◆ **Your instructions**
Read the records below and report each line in which "with" occurs.

◆ **Task data**
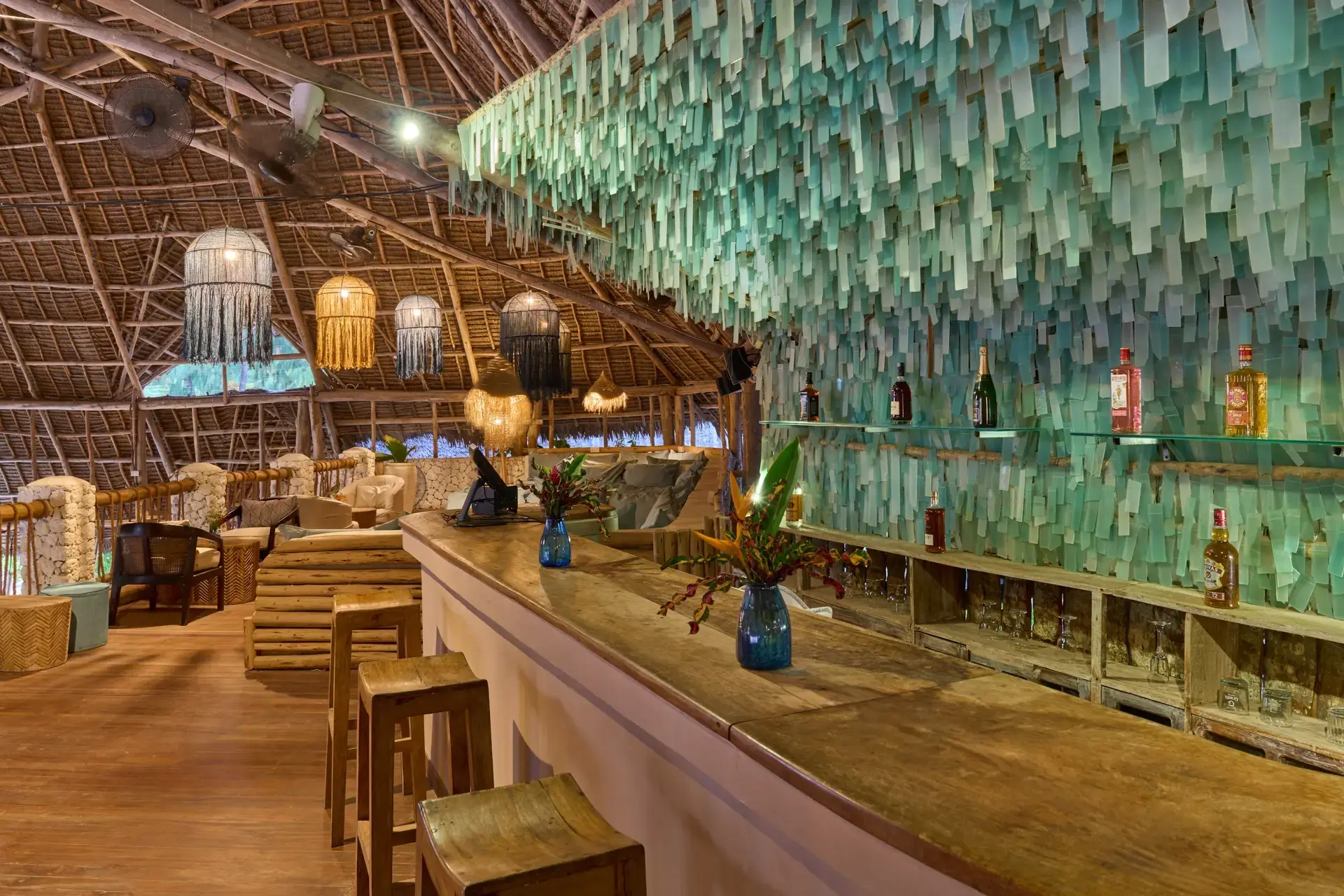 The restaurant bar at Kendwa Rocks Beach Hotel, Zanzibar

--

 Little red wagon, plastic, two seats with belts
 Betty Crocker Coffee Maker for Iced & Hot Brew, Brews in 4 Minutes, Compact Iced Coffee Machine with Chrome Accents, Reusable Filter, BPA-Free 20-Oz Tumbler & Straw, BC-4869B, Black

* * *

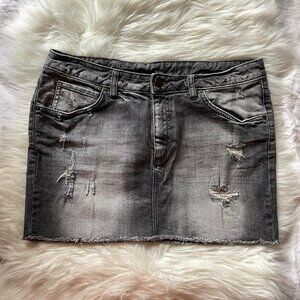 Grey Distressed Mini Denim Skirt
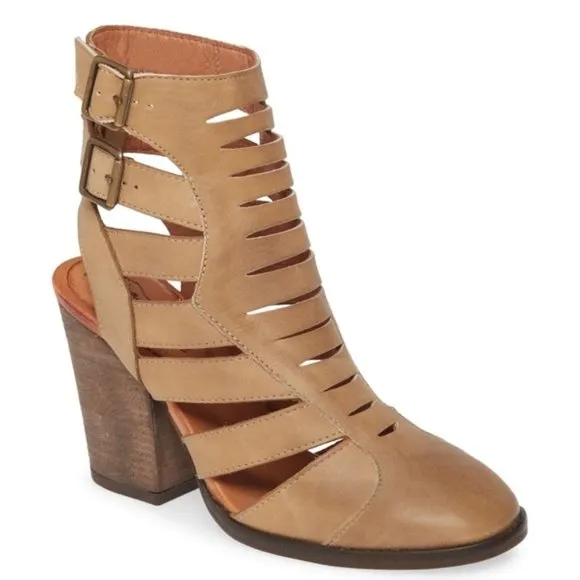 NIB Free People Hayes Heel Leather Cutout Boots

◆ **Exercise solution**
 Little red wagon, plastic, two seats with belts
 Betty Crocker Coffee Maker for Iced & Hot Brew, Brews in 4 Minutes, Compact Iced Coffee Machine with Chrome Accents, Reusable Filter, BPA-Free 20-Oz Tumbler & Straw, BC-4869B, Black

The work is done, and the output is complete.